__Assignment__
What I need is an exact repeat of the lines from the one with "alli termini delle" through the end of the listing below. Leave out every picture.

__Data under study__
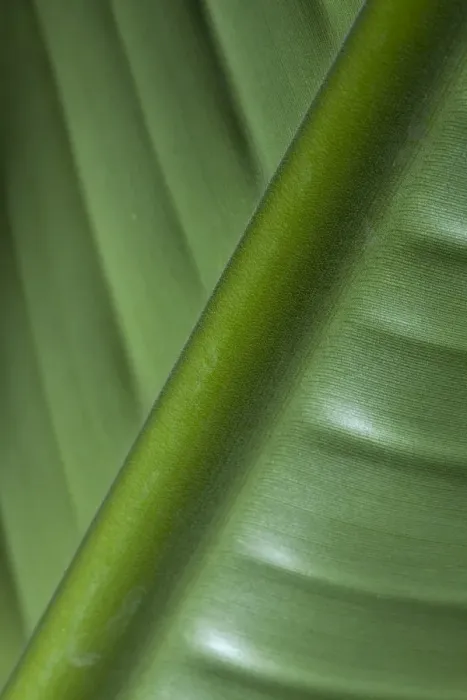 Framed Print : England, Tyne & Wear, Sunderland Winter Gardens. Detail shot of a palm leaf in the Sunderland Winter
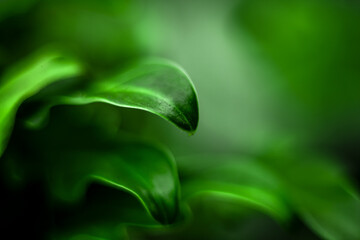 green leaf background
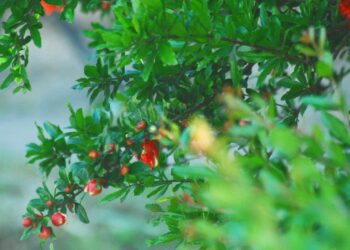 This week’s agri events: 25 – 29 March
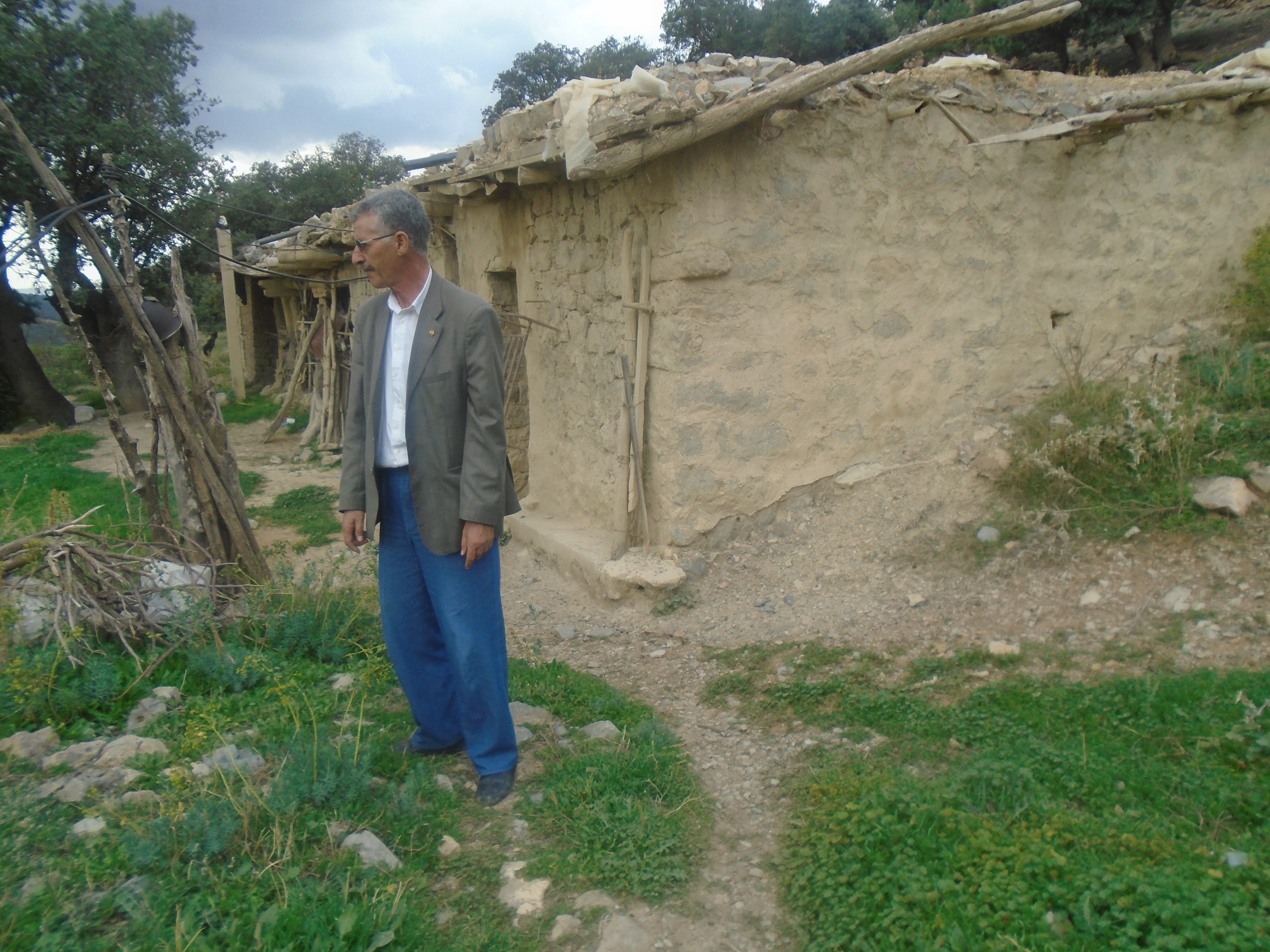 Une production record de la pomme à Yabous ...Khenchela...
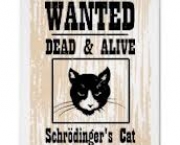 einstein-e-gato-de-schrodinger-5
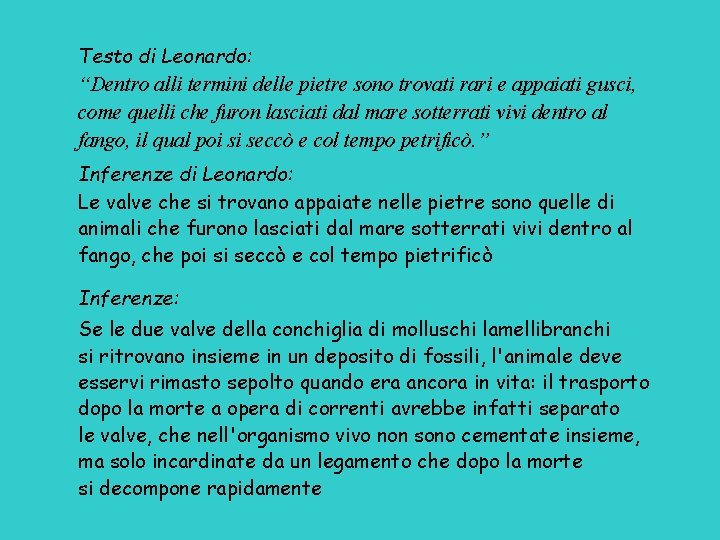 Testo di Leonardo: “Dentro alli termini delle pietre sono trovati rari e appaiati gusci,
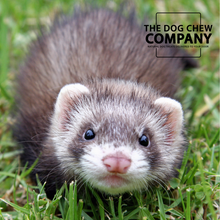 Load image into Gallery viewer, Ferret Chew Box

__The completed task__
 Testo di Leonardo: “Dentro alli termini delle pietre sono trovati rari e appaiati gusci,
 Load image into Gallery viewer, Ferret Chew Box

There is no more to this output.